I remember reading an article… or maybe it was a book about Google where it mentioned that Sergey Brin and Larry Page were researchers during their time at Stanford University and the code that they wrote for their search engine (then called Backrub) wasn’t anything groundbreaking. The algorithm implemented was the real backbone but the program itself wasn’t really optimised. Although the interface was simple — a plain input box on a blank white page, so much so that testers waited for some time before typing in the text box because they were “waiting for the page to load” — it wasn’t professional level code. Search engines back then were cluttered with other useless junk that made it harder for people to actually get to what they needed. Google was different. It was new.

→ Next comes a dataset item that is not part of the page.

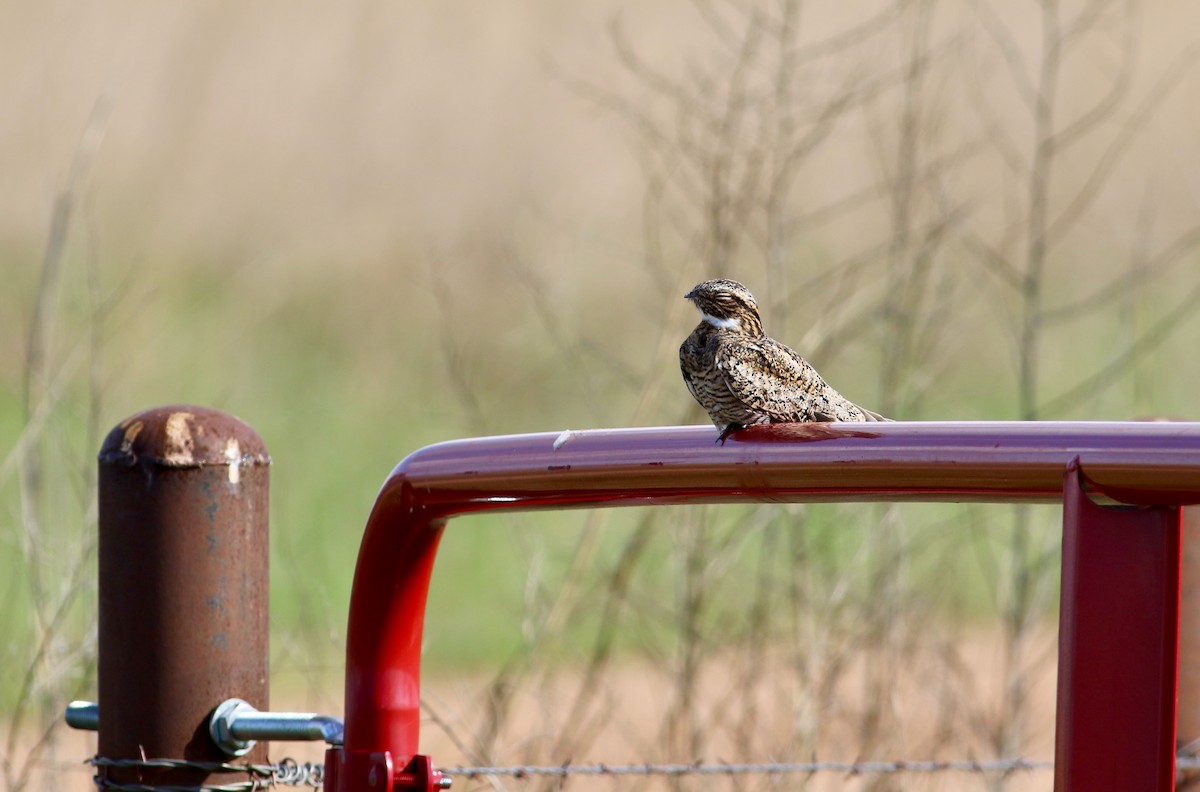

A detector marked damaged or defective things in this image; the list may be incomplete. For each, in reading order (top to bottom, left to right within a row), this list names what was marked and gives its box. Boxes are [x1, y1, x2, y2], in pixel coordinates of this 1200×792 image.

rusty metal post [98, 405, 272, 787]
rust stain on post [98, 405, 272, 787]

What am I trying to say here? Well, the fact that the first coders at Google weren’t big optimisation fanatics when they were creating their soon-to-be multi-million dollar project and then recently the development of Go, an entire language created for optimisation, says a lot.
I was wondering about this today when I was writing a simple blog today. It was made using Django as an API and ReactJS as a frontend that feeds off the API. I use PyCharm for most of my Python work and since I’ve a Jetbrains Student license, I have access to other IDEs by them. But I realised that I had grown too comfortable to all those auto complete features so I decided to write this project using 100 % open source tools (with Github being the sole exception). So I fixed at the gnome-terminal, Atom, create-react-app for bootstrapping my React app and finally, Git for my version control. With all the boiler place code set up, I went to work. I always start with creating my models. Since this was supposed to be a blog, I created a post
app and opened the models.py
file. With that, I wrote the following code —
from django.db import models
from django.utils.text import slugify
from django.db.models.signals import pre_save
class Post(models.Model):
title = models.CharField(max_length=50)
content = models.TextField()
description = models.TextField(blank=True, null=True)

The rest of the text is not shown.